Objectives and Study Overview

This study evaluates the capability of the Agilent 7500cx ICP-MS in helium mode to:

• Analyze a complete suite of environmental elements, including mercury and major matrix constituents, in a single analysis mode.
• Eliminate or minimize polyatomic matrix interferences without multiple cell gas exchanges.
• Achieve high throughput (less than 2.5 minutes per sample) across a 12-hour, 300-sample sequence while maintaining accuracy and precision.

Methodology

The analytical protocol involved:

• An initial calibration with blank and standards at 1, 10, 50 and 100 ppb (1 ppb for Hg).
• A sequence of 22 repeated blocks, each containing:
  
  • Certified reference water (NIST 1640).
  • USEPA Interference Check Solution (ICS-A) and a modified spike version (ICS-AB) at 20 ppb.
  • Two high total dissolved solids mineral water samples.
  • Continuing calibration blank (CCB) and continuing calibration verification (CCV) samples after each block.
• No mode switching or recalibration was performed during the 12-hour run.

Instrumentation Used

This evaluation employed a standard Agilent 7500cx ICP-MS with:

• Glass concentric nebulizer (MicroMist) and quartz 2.5 mm torch.
• Nickel sample and skimmer cones.
• ORS operated exclusively in helium collision mode at 5.0 mL/min.
• Plasma conditions: 1550 W RF power, 0.80 L/min carrier gas, 0.23 L/min makeup gas, and 8.5 mm sampling depth.
• Integration time of 0.1–0.3 seconds per isotope, one point each.

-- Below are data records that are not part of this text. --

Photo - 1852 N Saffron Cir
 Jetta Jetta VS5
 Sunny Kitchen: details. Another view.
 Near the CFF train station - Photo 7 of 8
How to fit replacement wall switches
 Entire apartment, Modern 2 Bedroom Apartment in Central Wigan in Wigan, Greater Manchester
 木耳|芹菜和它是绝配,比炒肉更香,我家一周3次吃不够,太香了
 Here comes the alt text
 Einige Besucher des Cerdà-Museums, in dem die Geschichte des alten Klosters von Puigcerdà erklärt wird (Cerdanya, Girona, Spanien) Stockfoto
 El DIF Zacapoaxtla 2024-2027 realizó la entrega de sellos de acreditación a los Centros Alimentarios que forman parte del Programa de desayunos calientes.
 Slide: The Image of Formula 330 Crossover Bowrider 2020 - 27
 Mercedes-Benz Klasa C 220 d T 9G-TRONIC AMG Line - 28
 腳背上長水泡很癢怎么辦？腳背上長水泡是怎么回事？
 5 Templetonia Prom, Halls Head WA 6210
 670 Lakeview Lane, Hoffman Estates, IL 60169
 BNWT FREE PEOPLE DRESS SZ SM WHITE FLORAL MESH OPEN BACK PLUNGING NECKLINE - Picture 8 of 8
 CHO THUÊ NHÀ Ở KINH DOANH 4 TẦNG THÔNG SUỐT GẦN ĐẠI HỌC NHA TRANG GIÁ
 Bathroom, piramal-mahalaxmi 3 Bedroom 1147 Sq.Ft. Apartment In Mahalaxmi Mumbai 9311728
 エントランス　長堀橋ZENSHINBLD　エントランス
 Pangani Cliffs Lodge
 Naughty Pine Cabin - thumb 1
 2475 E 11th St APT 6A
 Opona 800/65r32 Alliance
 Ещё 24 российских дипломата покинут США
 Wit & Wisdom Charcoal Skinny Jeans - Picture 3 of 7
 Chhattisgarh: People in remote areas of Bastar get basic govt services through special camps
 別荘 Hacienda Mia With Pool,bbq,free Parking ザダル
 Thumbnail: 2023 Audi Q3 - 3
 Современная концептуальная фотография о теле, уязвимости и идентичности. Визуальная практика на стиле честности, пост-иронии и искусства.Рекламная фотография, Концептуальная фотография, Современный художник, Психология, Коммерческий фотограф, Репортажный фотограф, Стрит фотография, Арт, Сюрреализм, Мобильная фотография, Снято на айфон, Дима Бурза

Main Results and Discussion

Interference Removal and Sensitivity:

• Helium mode reduced background equivalent concentrations (BECs) and detection limits (IDLs) for key isotopes by an order of magnitude compared to no-gas mode, effectively removing Ar-, Ca-, S- and Cl-based polyatomic overlaps.
• Sub-ppt IDLs achieved for most elements despite minor signal losses from ion–gas collisions.

Calibration Stability and Precision:

• Fifty ppb CCV measurements over 25 replicates remained within ±10% of target, with no calibration failures.
• ICS-AB spike recoveries (20 ppb, 1 ppb Hg) across 44 replicates ranged from 97 to 104%, with RSDs below 5%.
• NIST 1640 certified water analyses (n=44) yielded recoveries of 92–99% for major and trace elements, RSDs typically under 5%.

Throughput and Run-to-Run Times:

• Single helium mode eliminated cell evacuation and repressurization steps required by multi-mode CRC systems.
• Pre-emptive and intelligent rinse functions reduced idle time between samples.
• Measured run-to-run time averaged 2.46 minutes per sample over 300 analyses.

Benefits and Practical Applications

The universal helium mode offers:

• Consistent removal of polyatomic interferences without prior knowledge of sample matrix.
• Simplified tuning and method development by avoiding multiple cell gases.
• High productivity suitable for contract environmental and industrial laboratories requiring rapid turnaround.
• Reliable quantification of mercury, major and trace elements in high-matrix matrices with minimal carryover.

Future Trends and Applications

Advances in collision cell design and software are expected to further reduce analysis times and improve sensitivity. Potential developments include:

• Integration of real-time interference monitoring and adaptive collision gas control.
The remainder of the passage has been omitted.